На лицах ясно доброе начало,
И злая сущность тоже нам ясна.
И все ж мы друг о друге знаем мало:
Не каждый разбирает письмена.
Ульрих объявил: «Суд удаляется на совещание!»
И все члены суда с ним во главе ушили в соседнюю комнату, оставив слушателей, среди которых находился и Н. Хрущев, тогда первый секретарь городского и областного комитетов партии, в состоянии тягостного томления. Ежов, естественно, увязался за уходившими и вошел в комнату вслед за ними. Белов и Блюхер пробовали протестовать, говоря: «В совещательной комнате надлежит быть только членам суда!» Но Ежов сразу пресек попытку спора, сказав: «Я тут по распоряжению товарища Сталина!» Пришлось покориться. Ежов, сев в стороне, злобно рассматривал их, словно выбирая себе новую жертву.
В его присутствии разговора не получилось. Все сидели молча, в напряженных позах, уставившись в стол, кое-кто барабанил по столу пальцами. Через десять минут тягостного молчания Ульрих сказал: «Пора кончать! Изменники изобличены! Товарищ Сталин сказал: „Всем негодяям — смерть!“ О чем тут думать? Вот приговор — подписывайте!»
И выложил на стол приговор, заранее заготовленный. Первыми подписали Буденный и Шапошников, за ними, с величайшей неохотой, все остальные. Подписал и «честный солдат» Блюхер. Остальное было уже просто. Ульрих сказал: «Надо объявить приговор!» — и первый вышел из помещения в зал заседаний. За ним пошли остальные.
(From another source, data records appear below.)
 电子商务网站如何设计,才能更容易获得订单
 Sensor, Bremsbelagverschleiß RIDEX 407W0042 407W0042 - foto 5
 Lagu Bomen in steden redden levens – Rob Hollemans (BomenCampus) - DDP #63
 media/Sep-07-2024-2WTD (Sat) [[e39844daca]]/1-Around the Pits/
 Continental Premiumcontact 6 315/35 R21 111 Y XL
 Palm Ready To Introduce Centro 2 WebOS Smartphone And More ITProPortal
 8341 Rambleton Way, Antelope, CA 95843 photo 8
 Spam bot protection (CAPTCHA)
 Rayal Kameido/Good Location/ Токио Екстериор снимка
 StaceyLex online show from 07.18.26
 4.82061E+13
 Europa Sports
При их появлении подсудимые и все, кто сидел, встали. Подсудимые явно волновались: наступил решающий момент. Ставкой являлись их, а не чужие, жизни. У каждого теплилась еще надежда, что Сталин, в силу их высокой полезности для армии, не посмеет казнить и объявит им амнистию.
Увы, надежда не оправдалась! Ульрих внятно прочитал приговор, и все поняли: наказание одно — смерть! Якир впал в истерику и стал кричать: «Я не виновен! Дайте мне бумагу — я напишу Сталину и Ворошилову!» Члены суда стали говорить: «Надо дать!» Ульрих нехотя согласился. Якиру дали бумагу и ручку. Он быстро написал два письма и отдал их ему для передачи.
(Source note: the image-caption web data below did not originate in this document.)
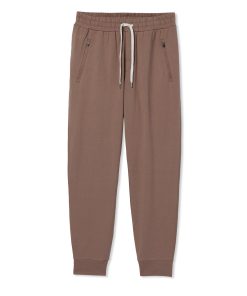 Ponto Performance Jogger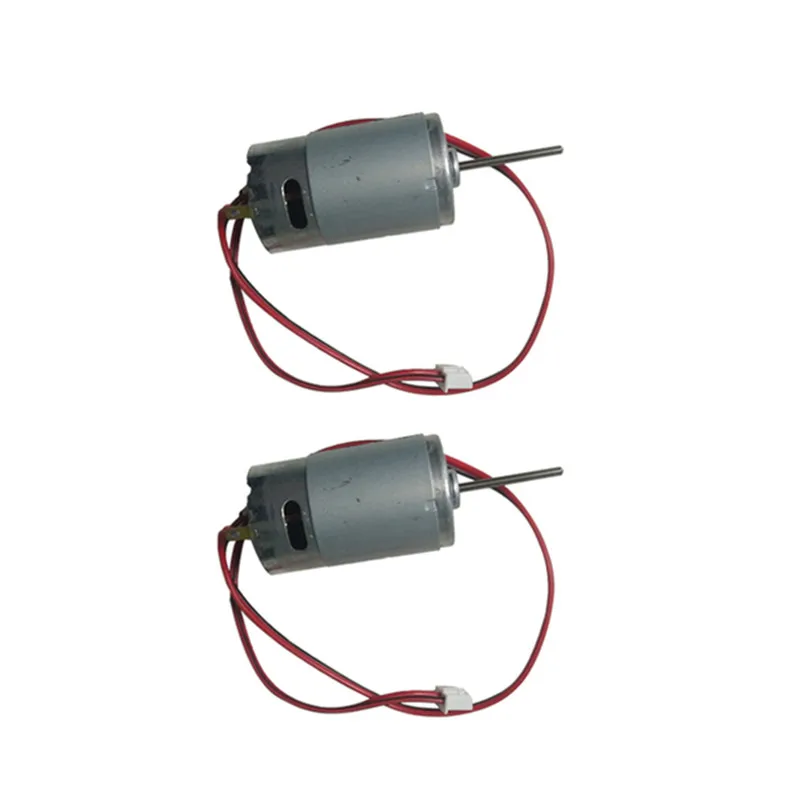 7.4V 13600Mah /Motor/Propeller/Reciver/Main Board/Remote Controller For FX88B GPS Bait Boats FX88B Accessories Hopper Antena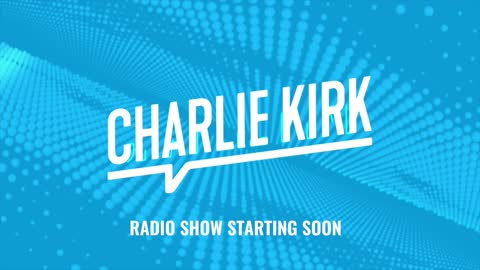 Good Governors, Bad Governors, and Stupid Governors | The Charlie Kirk Show LIVE 06.01.21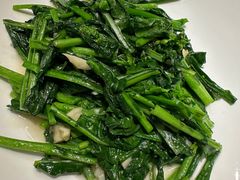 -紫鑫阁饭庄(长安店)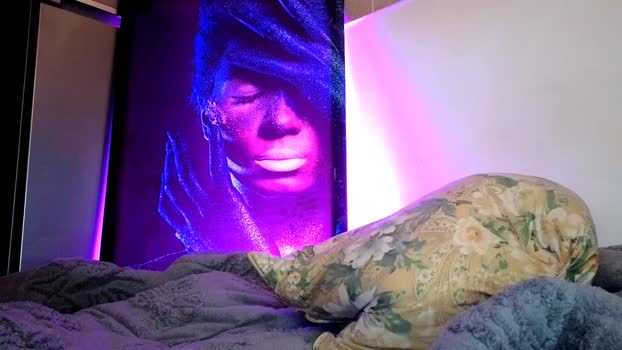 Biatriss fuckface Webcam SHOW @ Cam4 30-11-2025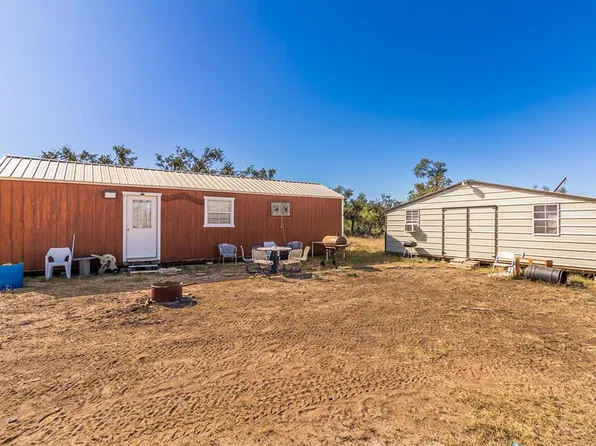 3 Timber Trl, Eden, TX 76837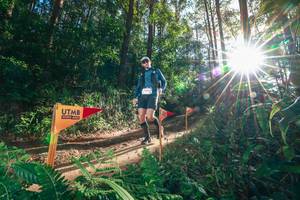 BIB: 
                            <button type="button" onclick="openModal(26627398)" class="btn btn-primary btn-sm float-right btn-popup" data-toggle="modal" data-target=".modal-high-quality">
                        <i class="fas fa-shopping-cart"></i> Add to Cart
                    </button>
                                            <button type="button" onclick="isThisMe(26627398, true)" class="btn btn-success btn-sm float-right btn-popup btn-isme hidden" data-toggle="tooltip" data-placement="bottom" title="นี่คือรูปของคุณใช่ไหม คลิกที่นี่เพื่อเอาเข้าอัลบั้ม">
                        <i class="fas fa-plus"></i> Add to album
                    </button>
                    <button type="button" onclick="isThisMe(26627398, false)" class="btn btn-warning btn-sm float-right btn-popup btn-isnotme hidden">
                        <i class="fas fa-ban"></i> Remove from album
                    </button>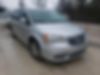 2A4RR5DG8BR633401-2011-chrysler-minivan-0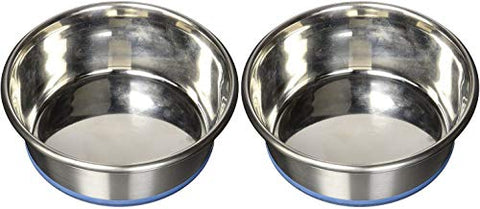 DURAPET Bowl 12pt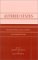 Altered States : International Relations, Domestic Politics, and Institutional Change cover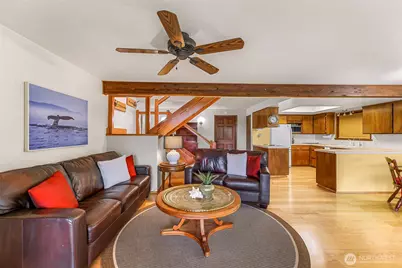 1207 Beach Avenue, Lummi Island, WA 98262 - Photo 3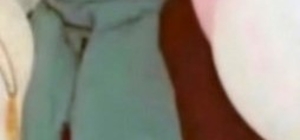 Mardin'deki kazada hayatını kaybeden 4 kişi defnedildi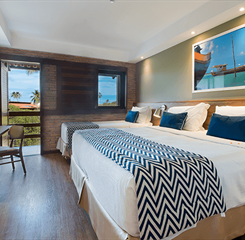 5cbf1eb01e0bd.aptostd01.front standard.png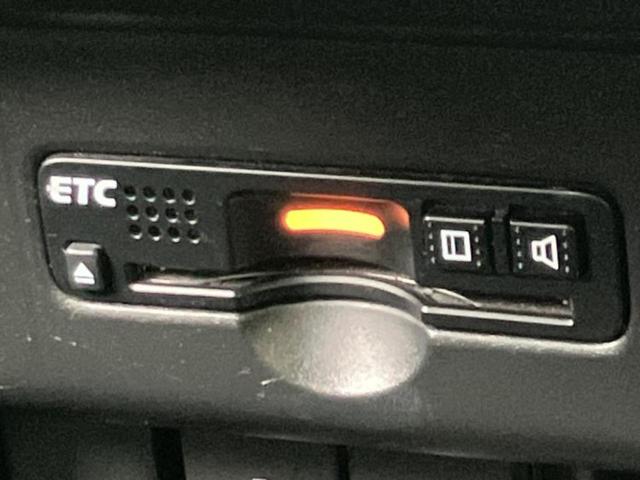 ���Ԃɍ��킹�Ė����ۏ؈ȊO�ɂ��A�ۏ͈ؔ́A���ԁA�������g�[�������L���ۏ؂����p�ӂ��Ă���܂��I���ÎԂ̍w�������߂Ăŕs���E�E�E�Ƃ������q�l�������S���������I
Записки тут же послали к адресатам. Теперь оставалось завершение. Комендант Судебного присутствия отдал приказ: «Из зала — на улицу!» И все, покинув зал, пошли на улицу, где их ждали машины.
Осужденных вместе с конвоем посадили в крытый грузовик, высокое начальство село в персональные легковые автомашины. Подсудимые, выйдя на улицу, с тоской посмотрели на них, думая, что совсем недавно они сами ездили в таких, всем отдавая распоряжения и пользуясь величайшим почетом. А вот теперь…
Машины пошли в Лефортовскую тюрьму: впереди и позади ехали грузовики с бойцами охранения — на тот случай, если оппозиция попытается отбить силой своих высоких руководителей, — в середине машина с осужденными и кавалькада легковых машин. Кроме того, по всей трассе по распоряжению Ежова были выставлены бойцы НКВД при оружии — тоже по соображениям осторожности.
Прибыли в Лефортово быстро — и без всяких происшествий. Дорожные посты, как только кавалькада проезжала, согласно приказу, через 15 минут снимались с места и возвращались к себе в казармы.
Въехав во двор, машины останавливались. Осужденных вывели и провели в тот спецотдел, где совершали смертные экзекуции. Осужденных с охраной поставили в одном месте, всех судейских и прочих — в другой.
Прокурор СССР Вышинский еще раз зачитал приговор, затем по очереди стал вызывать осужденных, начиная с Якира и Тухачевского. Конвоиры подводили каждого осужденного к стене, а затем отступали в сторону.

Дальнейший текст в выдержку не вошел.